Após o reencontro do casal, acho que está o aspecto mais ousado do livro, em se tratando do ser uma obra do século XIX. Sutilmente, Brontë sugere que Cathy quer Heathcliffe se torne seu amante. Mas, ela planeja isso aos poucos, e, para isso ela usa Isabela - neste ponto, ela é ardilosa, pior que ele, mas aí o "feitiço volta-se contra o feiticeiro".

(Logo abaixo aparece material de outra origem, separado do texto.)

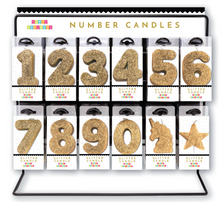 Gold Glitter Number Candle Party Partners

Vale destacar que nesta segunda parte, Heathcliffe é descrito o vilão gótico que remonta à tradição do que chamo de vilania gótica dos romances anteriores, principalmente de Anne Radcliff, assim como sua aparência remete a figura romântica do vampiro. Edgar que não é bobo, proíbe Cathy de vê-lo quando percebe que o "amigo da mulher" está invadindo seu território. Aí, vemos o que acontece: sem sua "alma gêmea", Cathy perde a vontade de viver e morre e isso se agrava pelo fato dela ficar grávida e ter filhos , o que acentua a sensação de se sentir presa no casamento.
Dessa forma, ela passa a assombrar Heathcliffe e por isso se torna para ele uma figura fantasmagórica. E a forma como a autora promove na obra o que chamo de "sobrenaturalização do real/natural" é outro aspecto notável e diferenciado de sua obra, que se faz a a partir da intervenção de dois narradores não confiáveis - a "fofoqueira" Nelly Dean e misantropo Mister Lockwood.
Por fim, tenho que falar que Hindey e a segunda Cathy são versões melhoradas do casal de protagonistas. É interessante perceber que a segunda Cathy consegue humanizar Hindey por meio da educação, o que denota a ideia que é possível tirar as pessoas do estado da brutalidade, por meio da cultura.
Enfim, Claire, acho que falei muito sobre a obra, mas essas são minhas impressões sobre ela e motivos pelos quais tanto a admiro. Quero aproveitar para elogiar suas resenhas com comentários sempre muito objetivos e interessantes.